**PROMPT**
Find the line that contains "TRANSFORMERS STUDIO SERIES"; please output it and each line after it, exactly as shown, up to the end of the entries below, skipping pictures.

Segment Start: DATA EXTRACTS

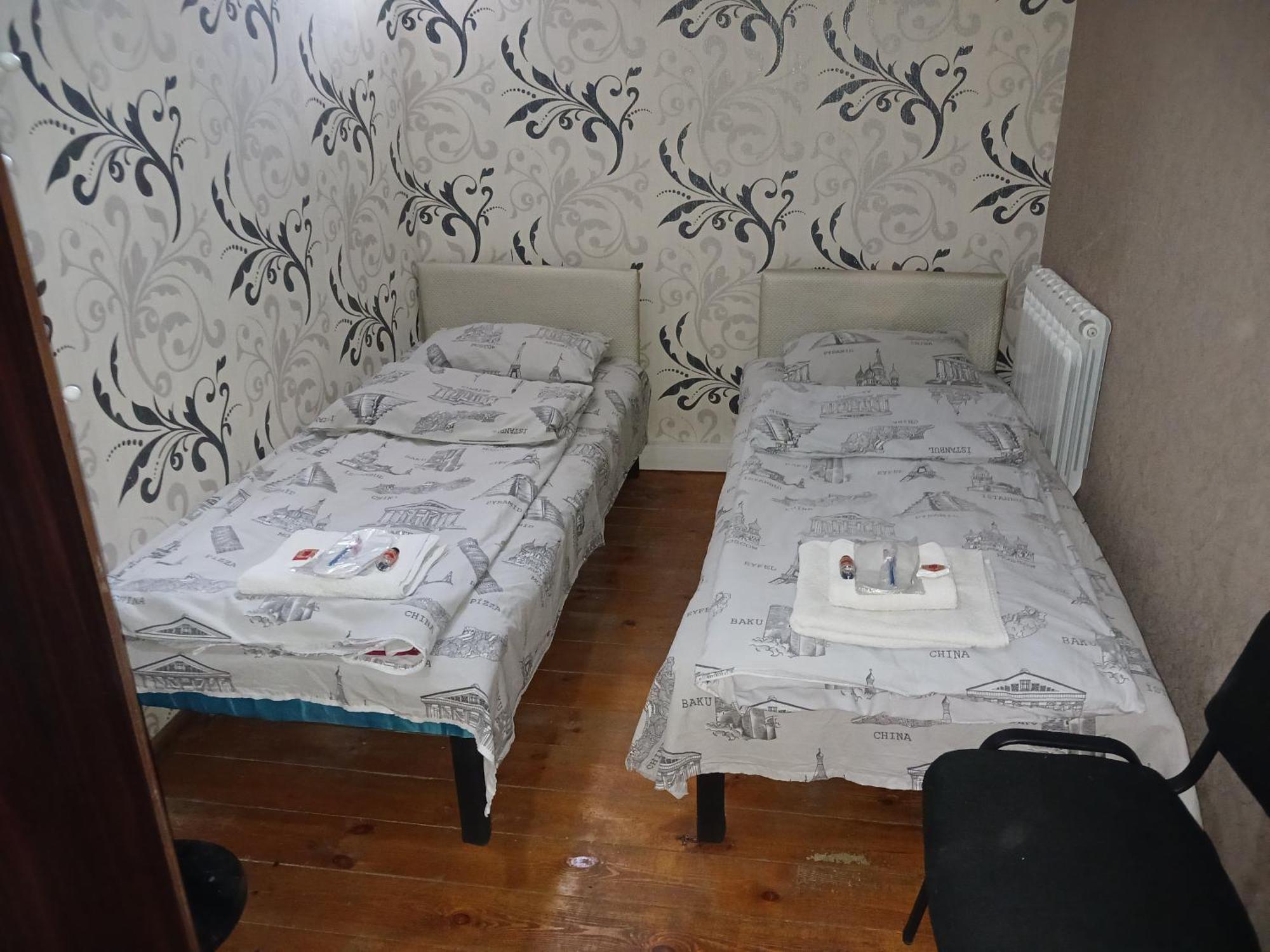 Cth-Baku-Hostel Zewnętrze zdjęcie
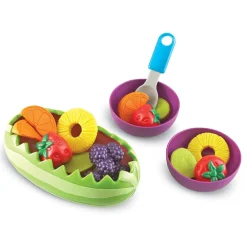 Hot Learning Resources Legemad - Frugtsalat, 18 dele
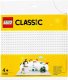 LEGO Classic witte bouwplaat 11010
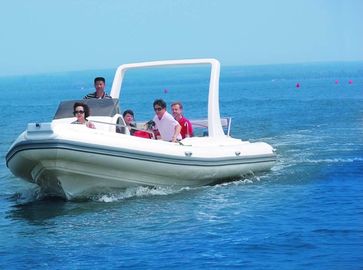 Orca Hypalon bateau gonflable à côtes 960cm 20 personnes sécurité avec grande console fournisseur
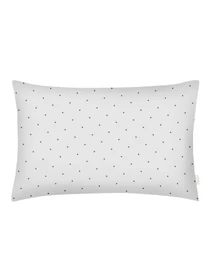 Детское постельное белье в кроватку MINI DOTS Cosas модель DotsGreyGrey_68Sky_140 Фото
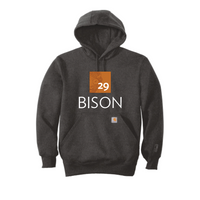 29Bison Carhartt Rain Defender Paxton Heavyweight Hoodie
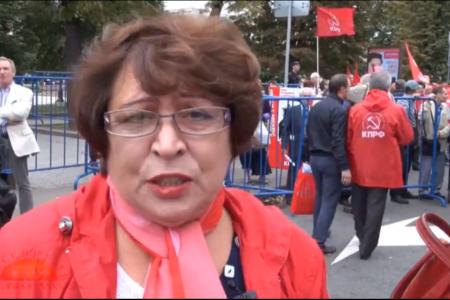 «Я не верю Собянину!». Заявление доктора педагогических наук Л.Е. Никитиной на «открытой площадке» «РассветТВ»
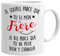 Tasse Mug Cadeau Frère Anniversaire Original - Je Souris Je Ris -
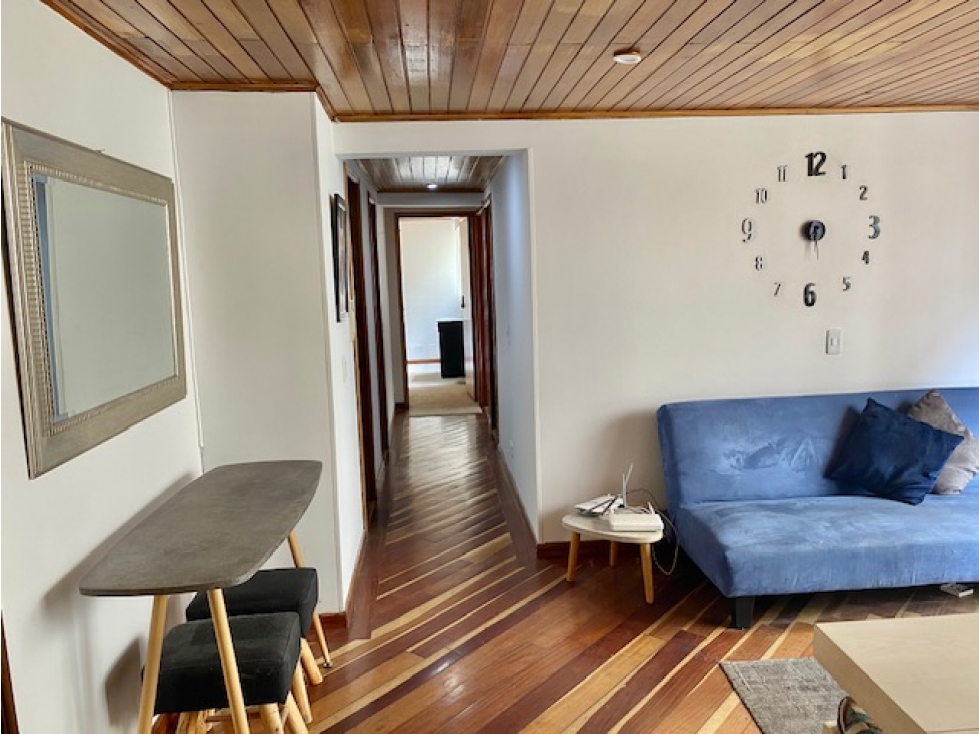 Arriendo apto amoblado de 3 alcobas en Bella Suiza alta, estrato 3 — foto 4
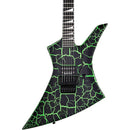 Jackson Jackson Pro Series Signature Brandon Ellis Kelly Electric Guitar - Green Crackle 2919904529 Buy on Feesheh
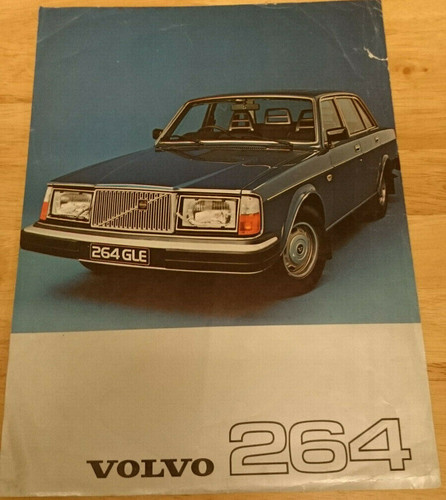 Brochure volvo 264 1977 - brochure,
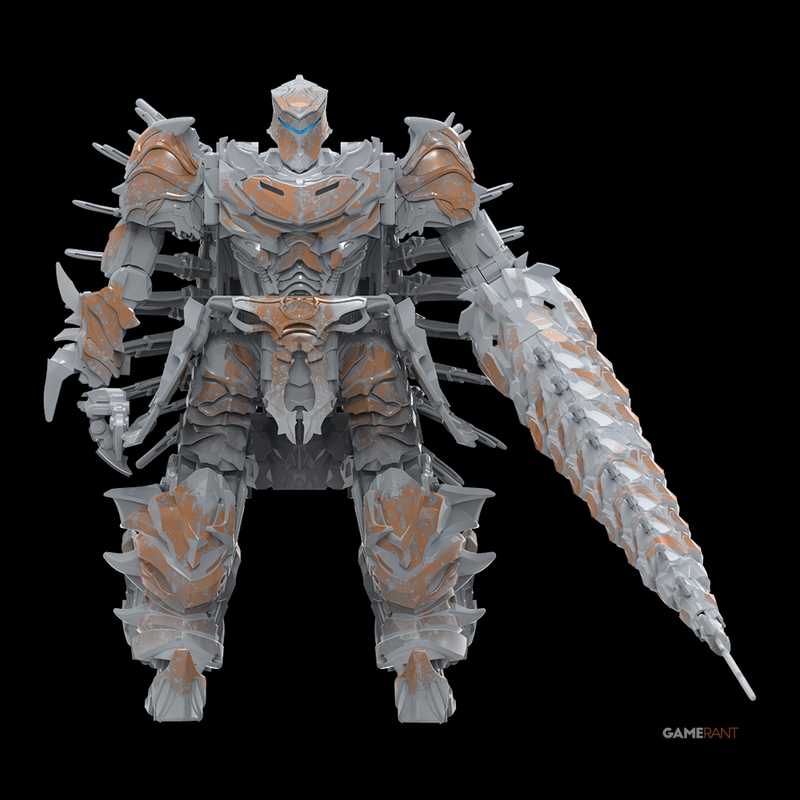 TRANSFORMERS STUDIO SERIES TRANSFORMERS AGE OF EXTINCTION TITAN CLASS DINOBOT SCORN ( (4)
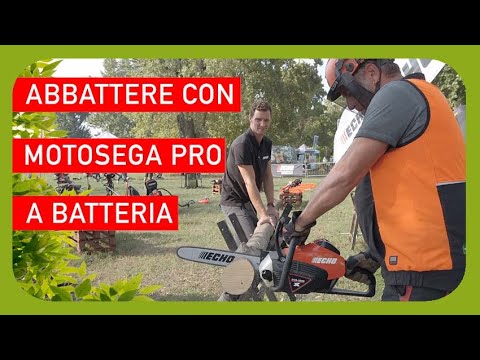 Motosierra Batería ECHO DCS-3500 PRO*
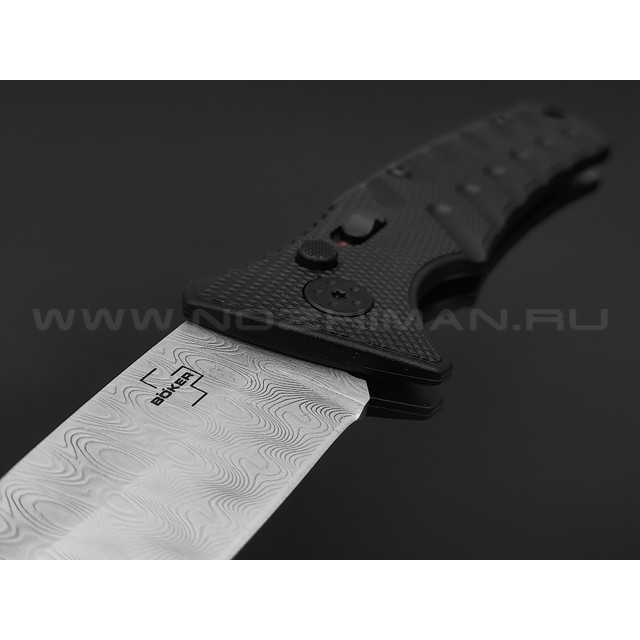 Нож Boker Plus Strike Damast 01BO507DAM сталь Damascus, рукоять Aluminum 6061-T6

Segment End: DATA EXTRACTS

**SOLUTION FOR THIS PROBLEM**
 TRANSFORMERS STUDIO SERIES TRANSFORMERS AGE OF EXTINCTION TITAN CLASS DINOBOT SCORN ( (4)
 Motosierra Batería ECHO DCS-3500 PRO*
 Нож Boker Plus Strike Damast 01BO507DAM сталь Damascus, рукоять Aluminum 6061-T6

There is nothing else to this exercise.